Problem requirements
Please print nothing but the lines from the one containing "Electricity Pylons stride" to the final line below, exactly, and no pictures.

Source material
━━━━━━

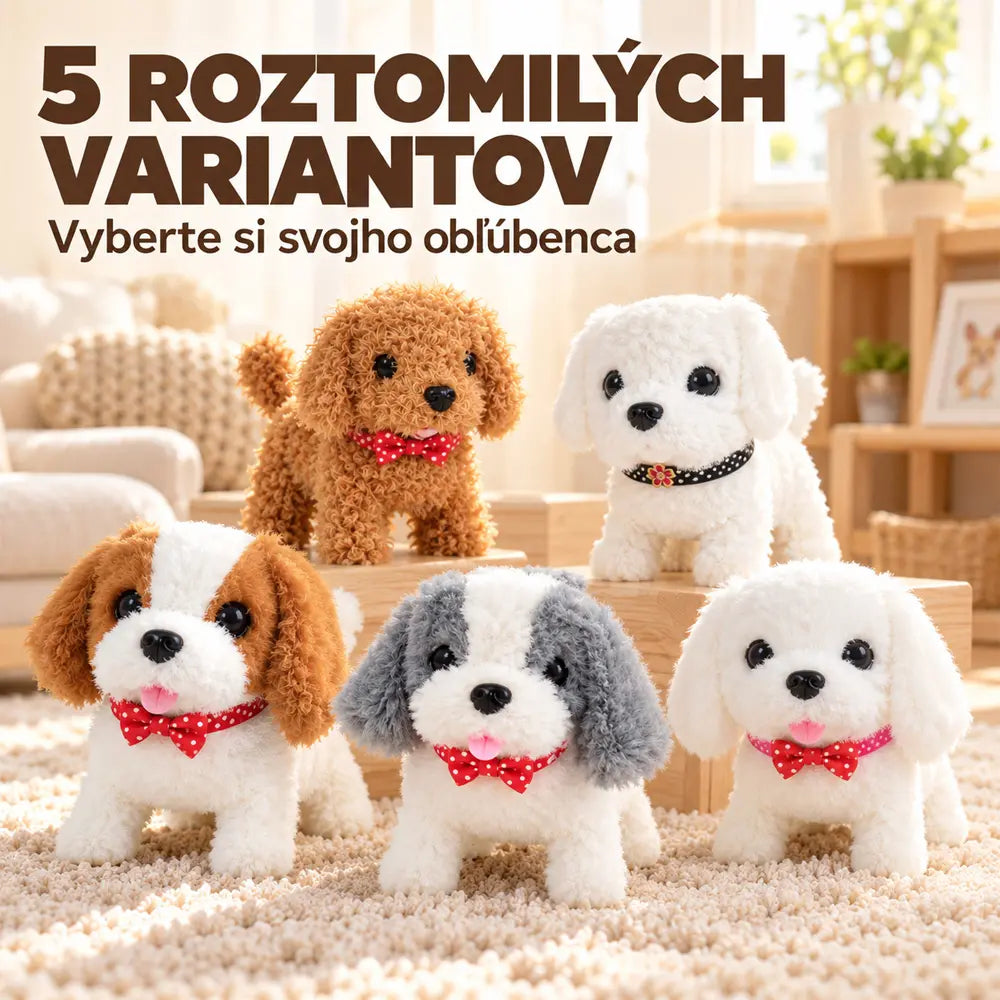 🐕🔥【Špeciálna ponuka🎉】 Plyšová hračka Inteligentný robot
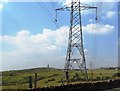 Electricity Pylons stride towards Hartshead Pike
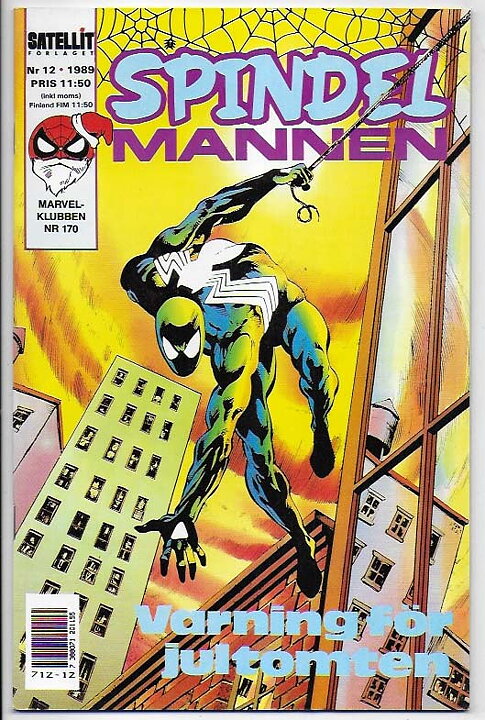 Spindelmannen 1989 Nr 12 VF/NM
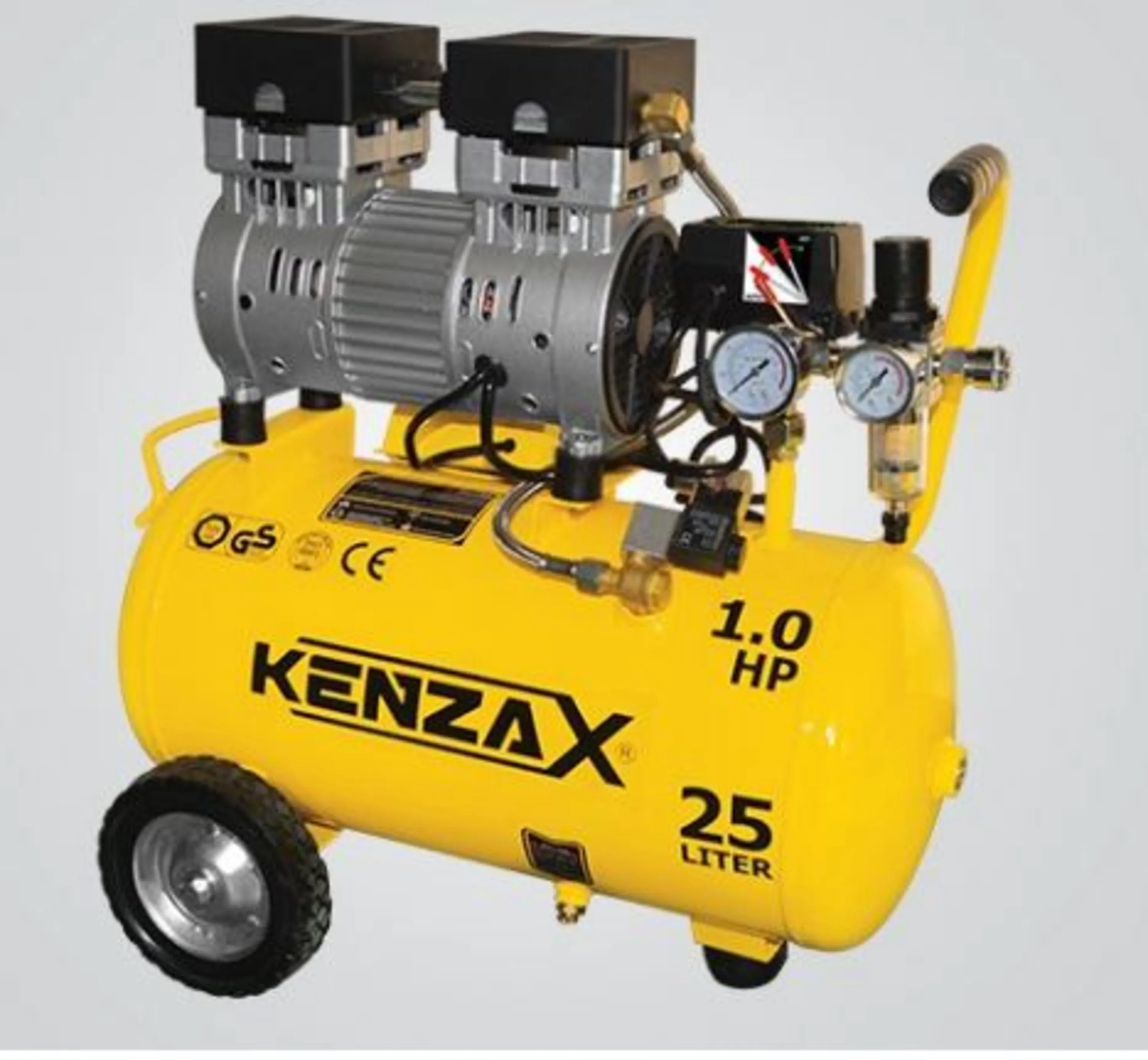 کمپرسور باد سایلنت 25 لیتری کنزاکس مدل KACS-125 کمپرسور باد سایلنت 25 لیتری کنزاکس مدل KACS-125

━━━━━━

Exercise result
 Electricity Pylons stride towards Hartshead Pike
 Spindelmannen 1989 Nr 12 VF/NM
 کمپرسور باد سایلنت 25 لیتری کنزاکس مدل KACS-125 کمپرسور باد سایلنت 25 لیتری کنزاکس مدل KACS-125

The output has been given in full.